*Entries provided*:
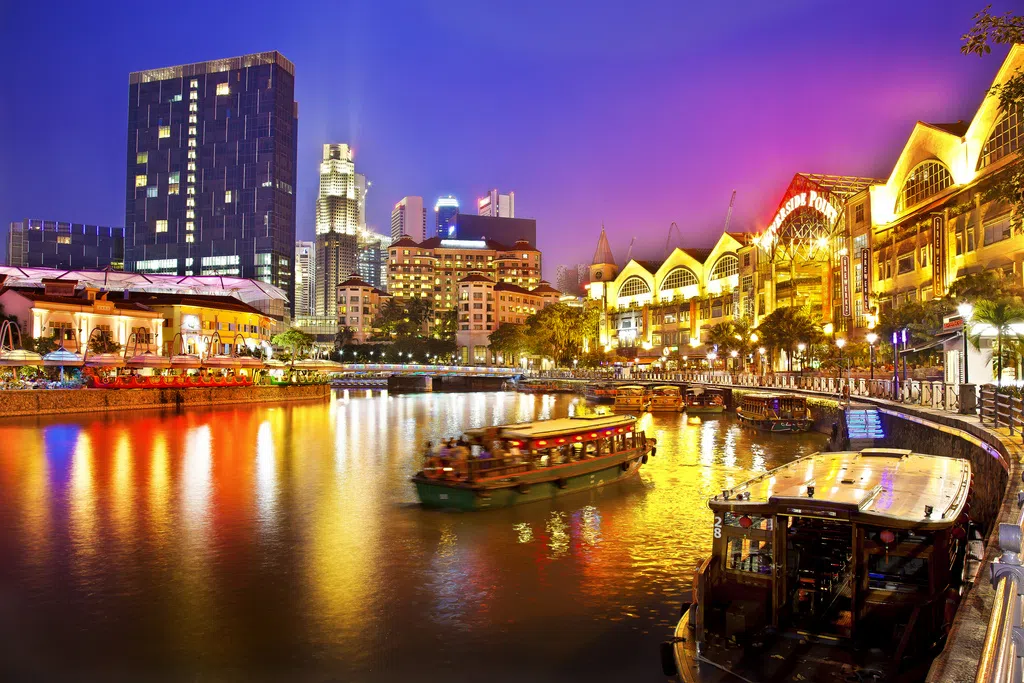 Vista nocturna de Clarke Quay iluminado en Singapur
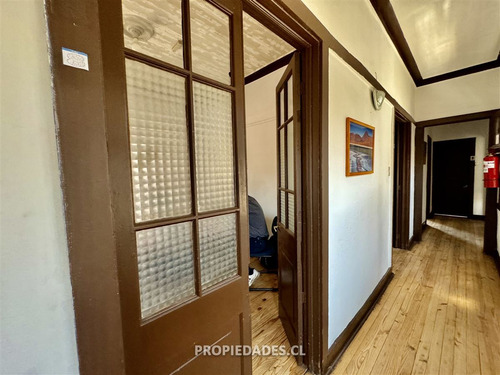 Amplia Propiedad En Venta Providencia
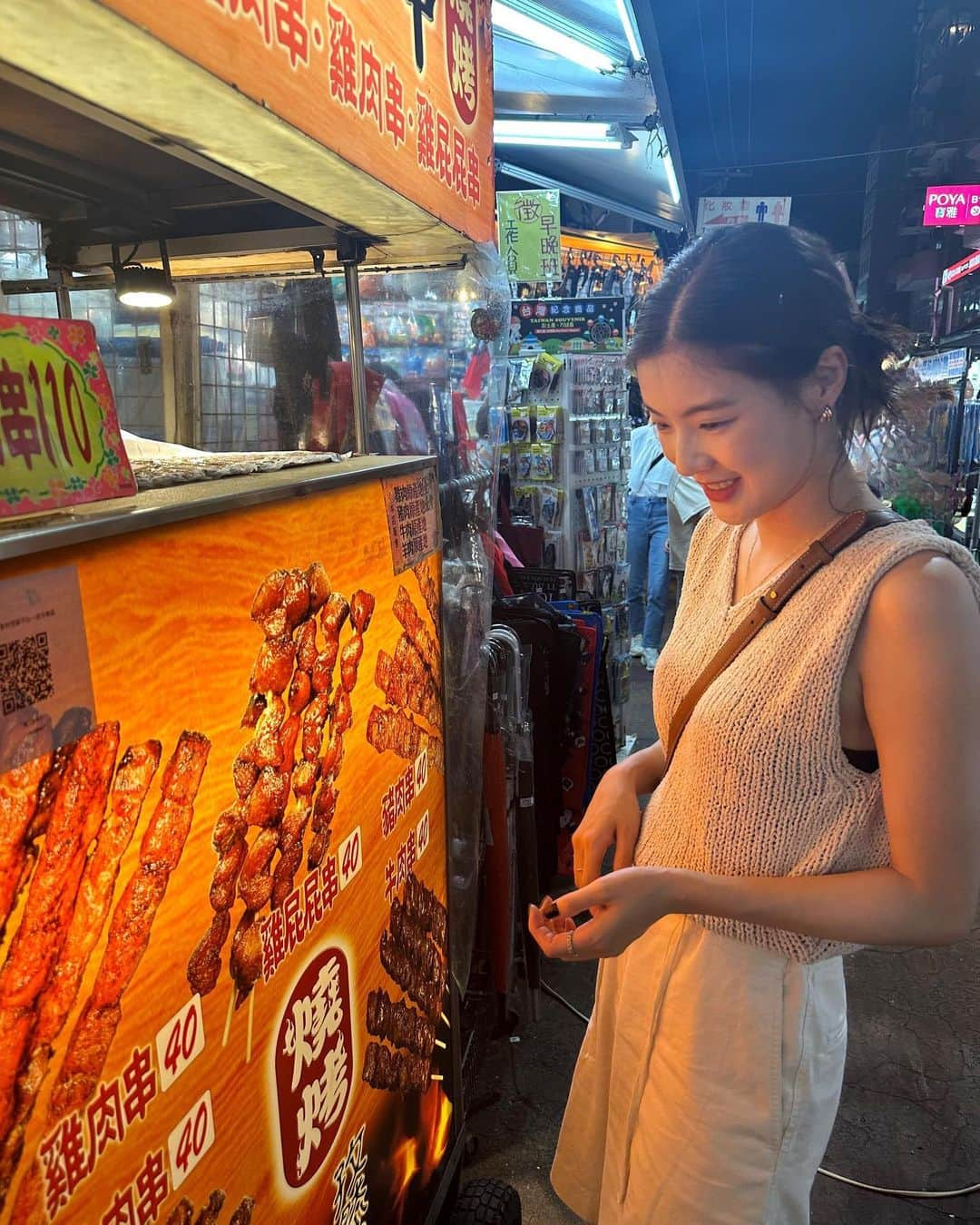 イ・ソンビンさんのインスタグラム写真 - (イ・ソンビンInstagram)「🍢❤️ in Taiwan ✨」9月18日 13時43分 - sunbin_eyesmag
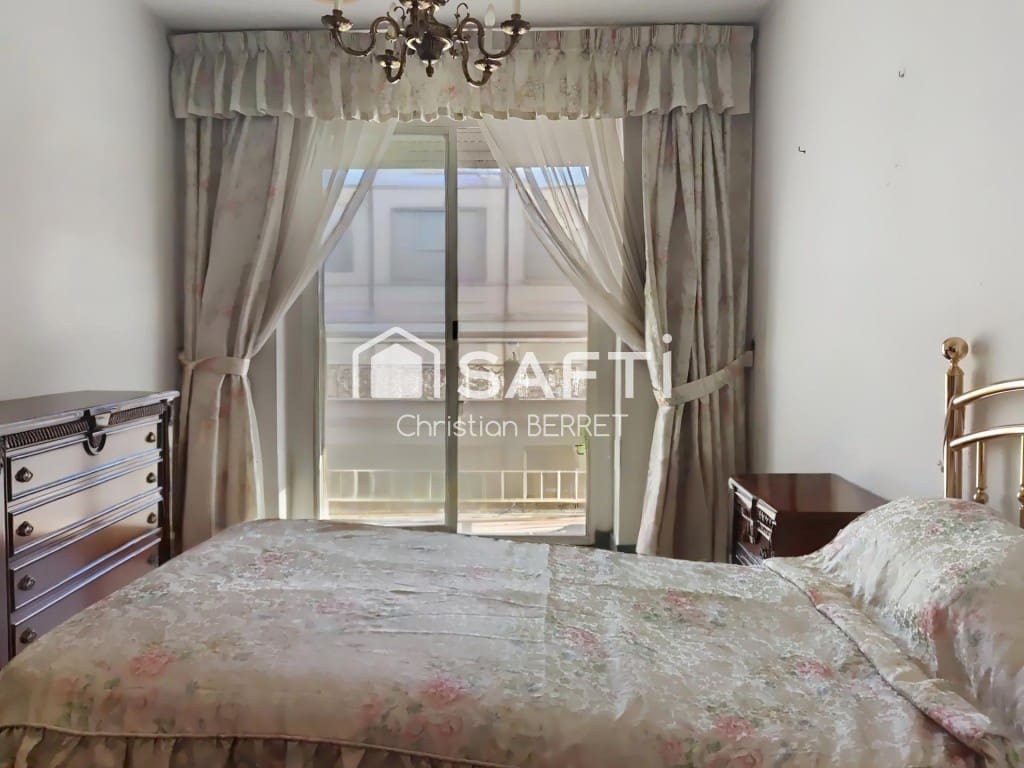 4 bedroom Apartment for sale in Valencia city - € 420,000 (Ref: 9726571)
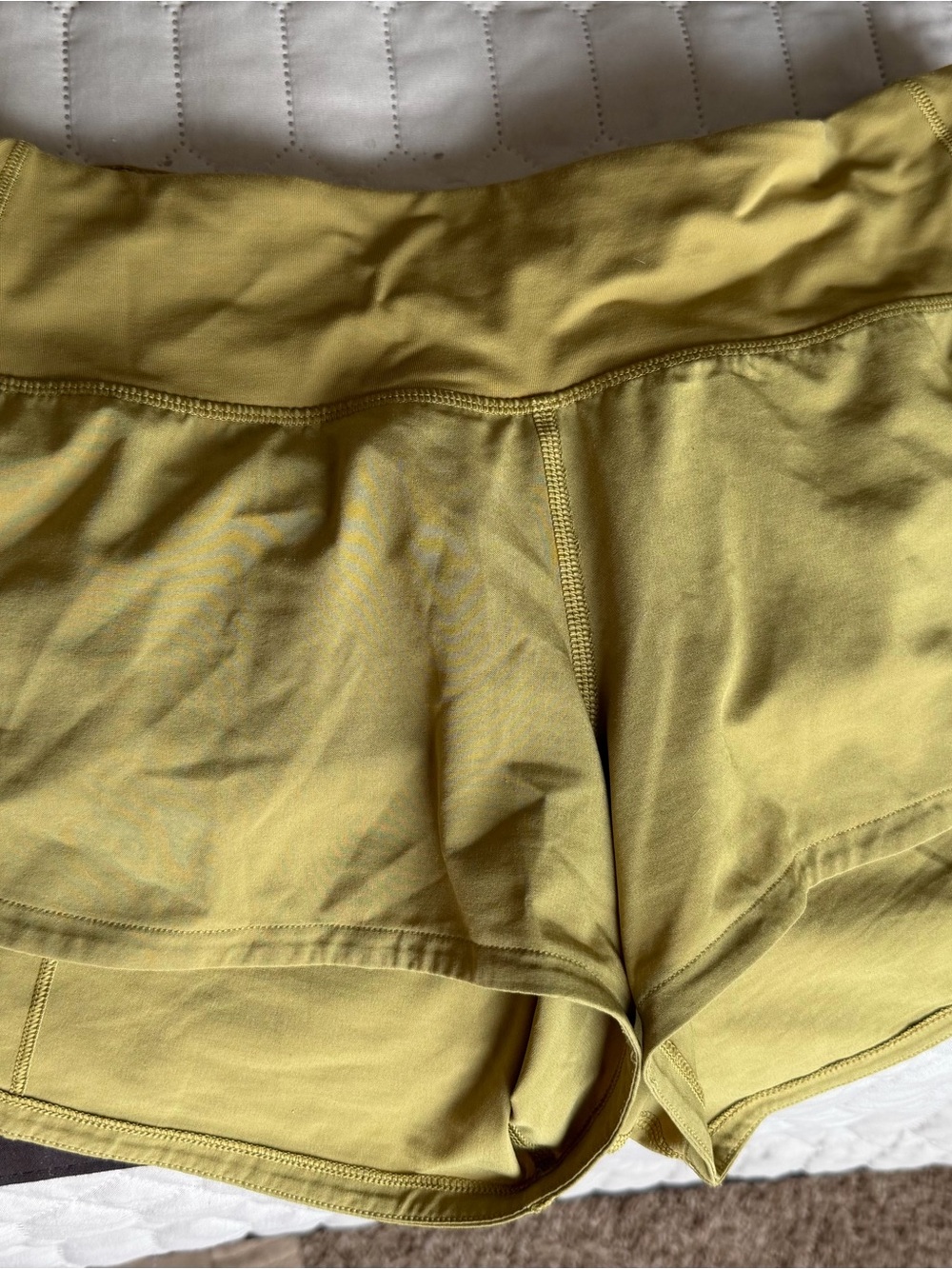 Lululemon Athletica High-Waist Hotty Hot 2.5” Shorts — Olive Mustard size 4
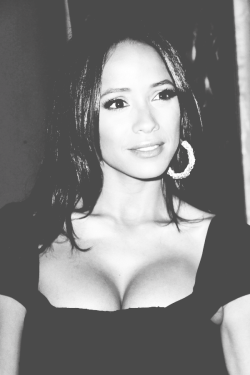 thefinestbitches:  Dania Ramirez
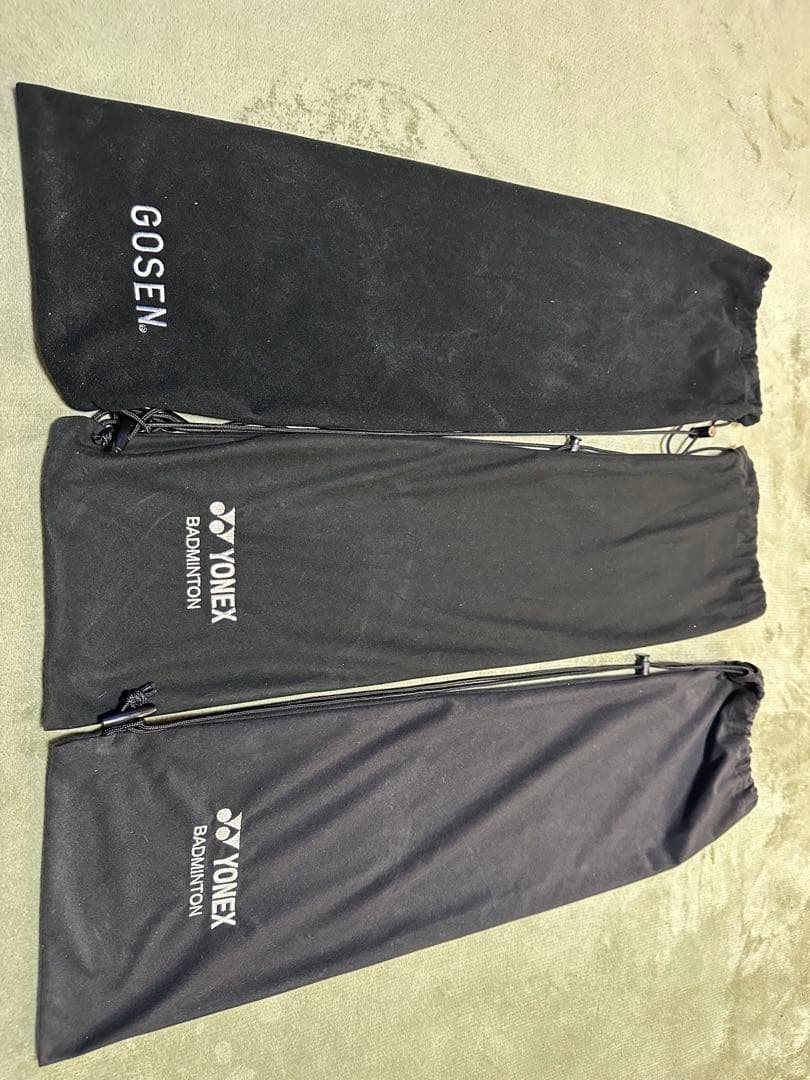 バドミントンラケット 4本セット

*To do*:
I would like the data above transcribed exactly, with its pictures left out.

*Written solution*:
 Vista nocturna de Clarke Quay iluminado en Singapur
 Amplia Propiedad En Venta Providencia
 イ・ソンビンさんのインスタグラム写真 - (イ・ソンビンInstagram)「🍢❤️ in Taiwan ✨」9月18日 13時43分 - sunbin_eyesmag
 4 bedroom Apartment for sale in Valencia city - € 420,000 (Ref: 9726571)
 Lululemon Athletica High-Waist Hotty Hot 2.5” Shorts — Olive Mustard size 4
 thefinestbitches:  Dania Ramirez
 バドミントンラケット 4本セット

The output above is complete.